When the factor assumes control of an invoice, they will advance you a percentage of its total value – usually between 70 and 90% of the invoice. They will then take responsibility for ensuring the invoice gets paid; once the money’s in, they’ll pay you the balance due, less their fees and charges.

Factors’ requirements vary from company to company. Some will consider start-ups but typically the company must be operating on a business to business basis and have a turnover of £50,000 or higher.

It is possible to factor key customers and draw down money on individual invoices.

Invoice Discounting is a variation on factoring where the lender still advances money on a business’ invoice but, instead of the lender collecting the debts for the business, the business collects its own debts.

Invoice Discounting facilities are normally made available to established businesses with turnovers in excess of £250,000 which have good systems in place to ensure reliable collections from their customers.

The pros of Factoring and Invoice Discounting are:

Access to an ongoing supply of cash that grows as your sales grow

Benefit from improved profitability as you can pay suppliers earlier, buy in larger quantities and take advantage of any volume discounts available

The cons of Factoring and Invoice Discounting are:

  • Credit limits will be set for customers which may affect the way you trade
  • Exiting the agreement can be difficult
  • Disputed invoices must be dealt with quickly to avoid them being re-coursed
  • In the case of factoring, you are reliant on the factor to collect the debt in a timely and efficient manne

Peer to Peer loans

In this post I will cover Peer-to-peer lending, also called “social lending”, is the practice of borrowing or lending money without intermediaries such as banks being involved.

A peer-to-peer exchange site, such as Zopa or Funding Circle will put you in touch with private lenders, who create a personal relationship between you and the lender.

These Websites are set up similar to auction sites like Amazon and eBay, where borrowers and lenders can auction what they have to offer and come away with the highest (or lowest) bidder.

This allows everyone to choose their own terms and interest rates so that the exchange is beneficial.

A number of companies are now well-established in this space, and several offer generous terms.

Zopa waives all fees for loan applications, reduces interest rates for borrowers who make early repayments, and adds only a one-off fee of £130 to the cost of the loan.

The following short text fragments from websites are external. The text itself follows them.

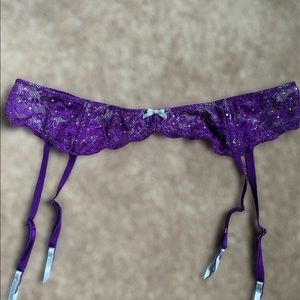 Victoria’s Secret Dream Angels Crystal Garter Belt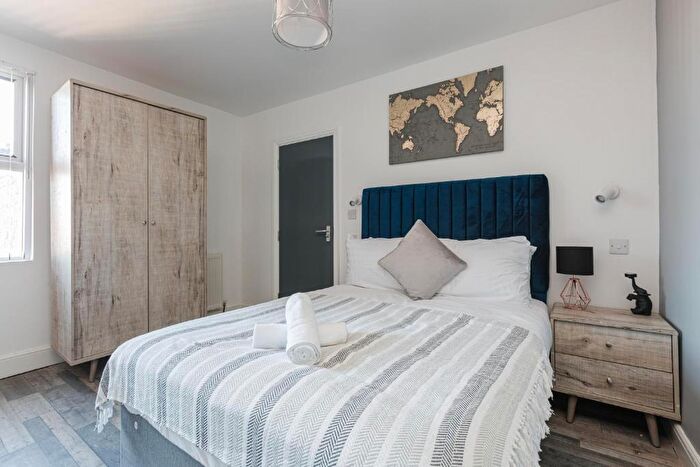 7 Bedroom Terraced House For Sale In /a Oakfield Road, Liverpool, L4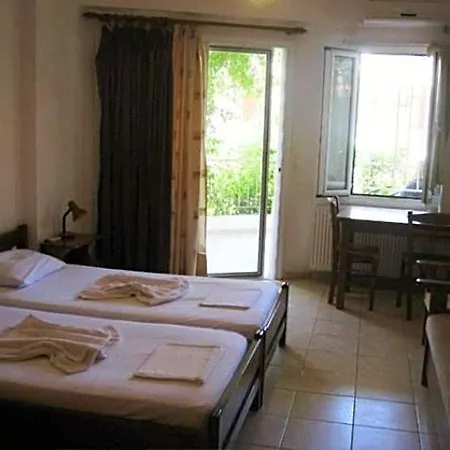 Lerna מלון דירות Míloi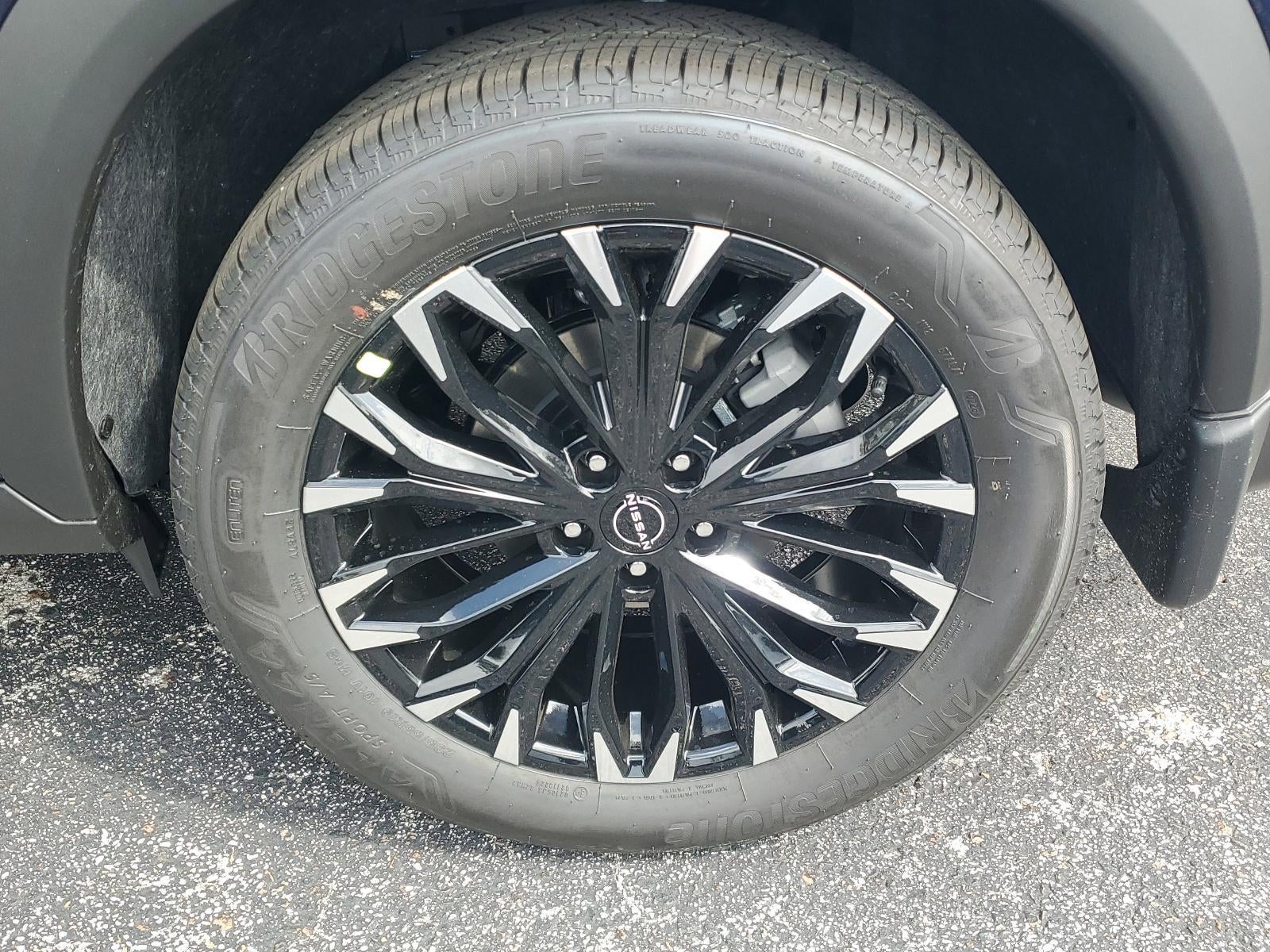 2026 Nissan Rogue 2026.5 FWD Dark Armor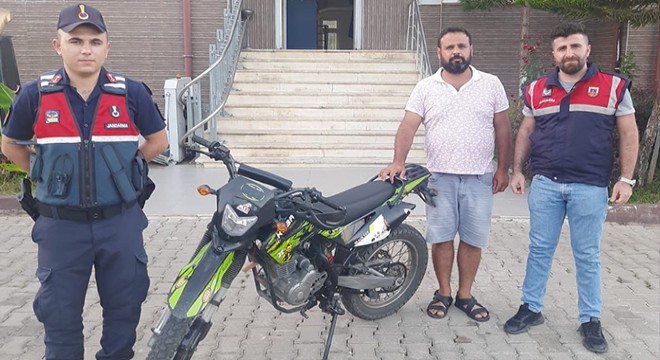 İki şüpheli çalıntı motosikletle yakalandı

The pros of Peer-to-Peer loans are:

  •  Elimination of third party makes process quick and easy
  •  Choose your own terms and interest rates so that the exchange is beneficial

 

The cons of Peer-to-Peer loans are:

  • Not subject to the same financial regulations as banks, so the loan terms may not be as favourable
  • Can damage your personal credit score

 

 

 

 

 

 

Funding your business personally

This posts looks at funding your business personally.

  •  Savings
  • Pension led funding
  • Friends and family
  • Personal loans and credit cards

 

So, there is a good argument that you should use your money before asking anyone else.

There are different types of savings, examples are:

  • Cash
  • Savings accounts
  • ISAs
  • Cashing in endowment policies
  • House equity

 

When considering savings it can be useful to think of putting money into your own business as just switching money from one asset to another. It is still your money.

But, rather than in a low risk environment your money is in a higher risk investment; your business.

The great thing about using your own money is you don’t have to go cap in hand to anyone else and it is quick.

There’s also the bonus of not starting out in business with debt, or giving away a large percentage of the business for a relatively small amount of money at an early stage.

There is another advantage too – if you want to pump more cash into the business later on, the bank and investors often like to see you’re committed to a venture by putting your own money behind it.

The pros of using your own savings are:

  • You get all the profits and retain control
  • You don’t have any interest repayments or loan charges (unless remortgaging your home)
  • It demonstrates your commitment, which can influence financiers at a later date

 

The cons of using your own savings are:

  • You are using up cash reserves that could be useful if your business hits a rough patch
  • Assets used to raise money, like your home, are at risk if you don’t keep up repayments
  • There can be a lack of due diligence and accountability.

 

Next is Pension led business funding.

This is where a business owner sets up and uses their own pension fund to provide finance to their business.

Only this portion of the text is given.